I am still far from done.
Here’s the book status: I got the books two weeks later than expected because when they left the book binder, they were loaded on a truck that went to California. I still don’t know the full story on that because I was out of my mind with stress and frustration. And once that truck got back to Wyoming, it had to wait out a disastrous wind storm. I finally got the books Thursday (Nov 30) and have been packing like mad and driving them to the big post office every other day.
– All international orders are en route.
– All orders of two or more books (this includes signed and unsigned books) will be en route as of tomorrow (75% are already en route).

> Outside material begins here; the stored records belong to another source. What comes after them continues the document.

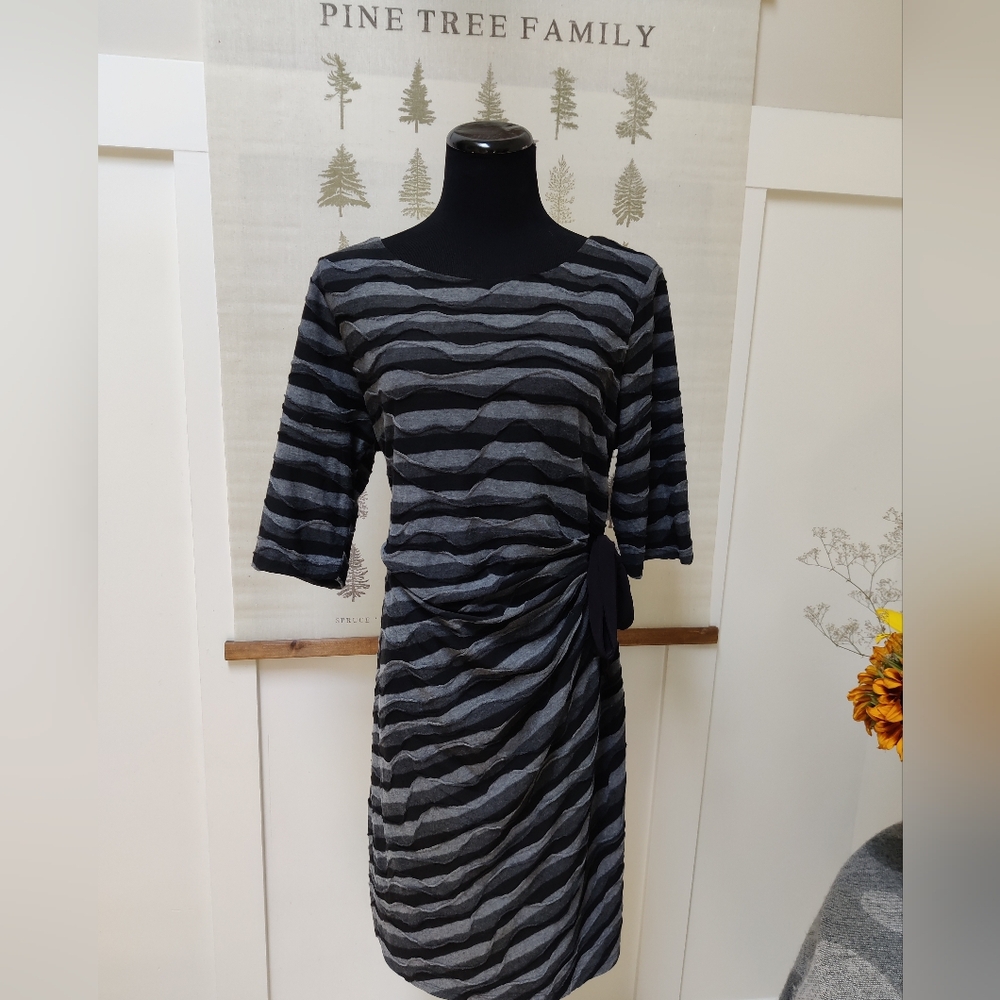 Lori M Collection Black & Gray Wave Stripe Ruched Midi Dress – Size XL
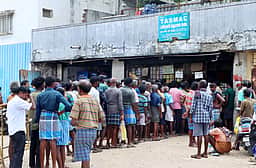 டாஸ்மாக்கில் பாட்டிலுக்கு கூடுதல் பணம் வசூலித்தால் கடும் நடவடிக்கை!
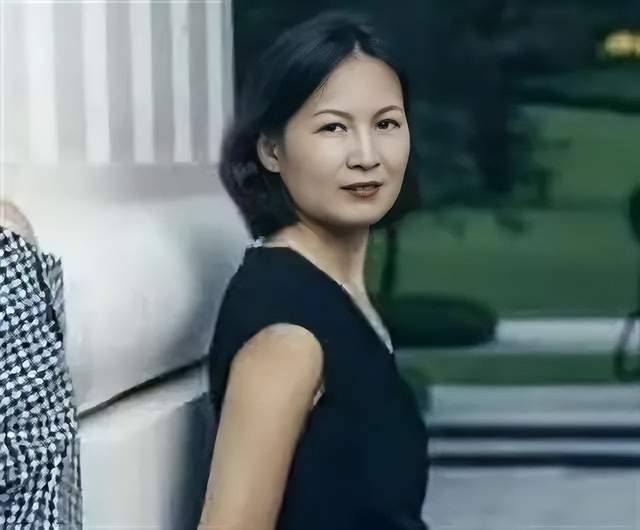 67在任正非54岁那年,姚安娜出生了,生下女儿后,姚凌就逐渐隐居幕后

– About 1/3 of the unsigned single book orders are en route. I’ve been going in chronological order from when orders were placed (April orders shipped first, etc). All single unsigned book orders will be en route by the end of this week.

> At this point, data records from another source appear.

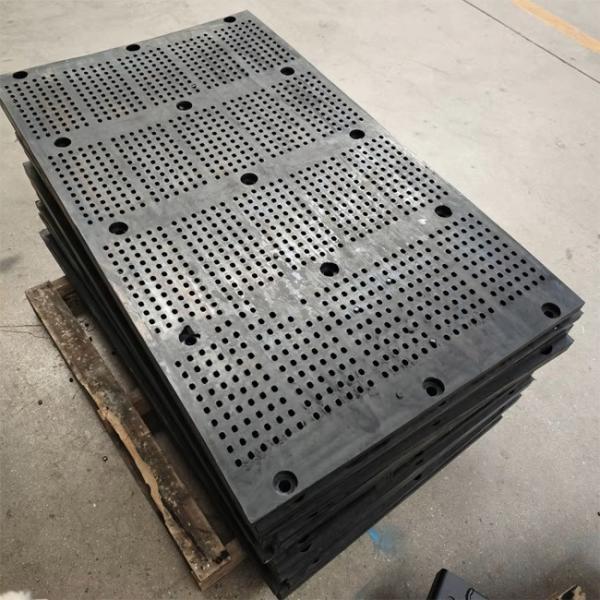 Black Cololr Excellent Rubber Screen Panels 40*8mm For Industrial Vibrating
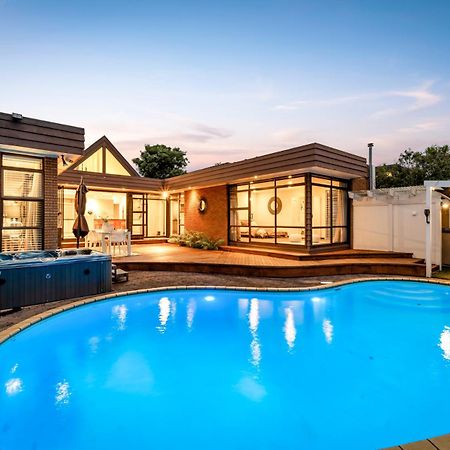 Entire House With Pool, Spa Auckland Eksteriør billede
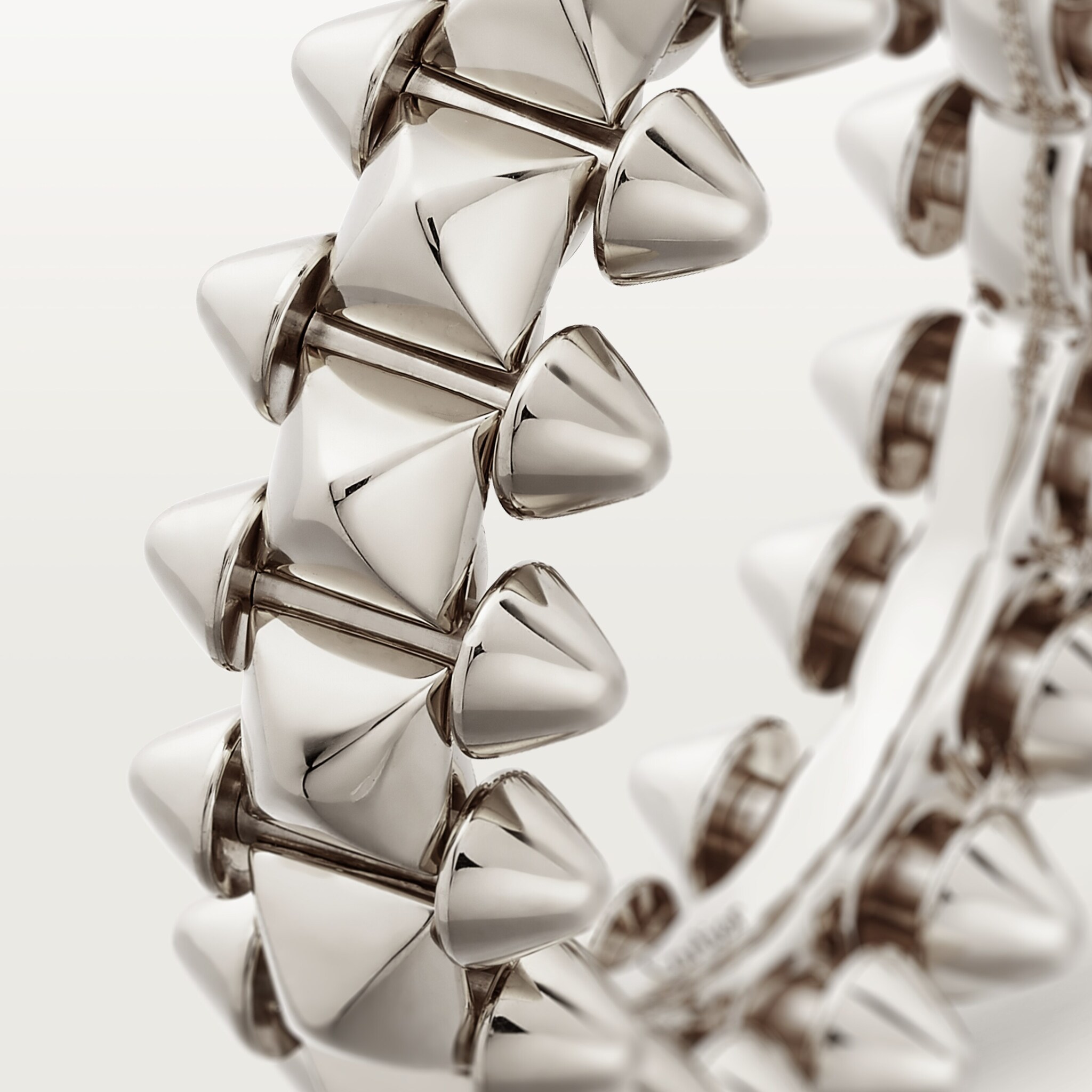 Clash de Cartier ring, medium model, image 7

– My goal is to get all single signed book orders en route by the end of the week, too… but the signed and personalized book orders take TIME. Even with two banquet tables set up, I can only sign a certain number of books at once (I leave them open for a bit to make sure the ink dries completely) and then I must wrap, package, and box each order one by one to ensure each personalized book goes to the right person with the right shipping label. There’s no way to “assembly line” the personalized book orders so packing is less efficient and takes longer. Know that I’m going at 5000% to get these done beautifully and packaged safely and off to you as quickly as possible.
– All books are shipped via Priority mail in the USA. The USPS cutoff date for Christmas delivery via Priority mail is Dec 20. All books will be en route well before that date.
– If you NEED your book by a certain earlier date, feel free to email me and I’ll make sure it goes out asap. Please be aware that such requests entail rearranging my computer shipping program and this takes time, adds work, and pulls me away from packaging books for everyone, so use this option only if absolutely necessary for gifting, etc.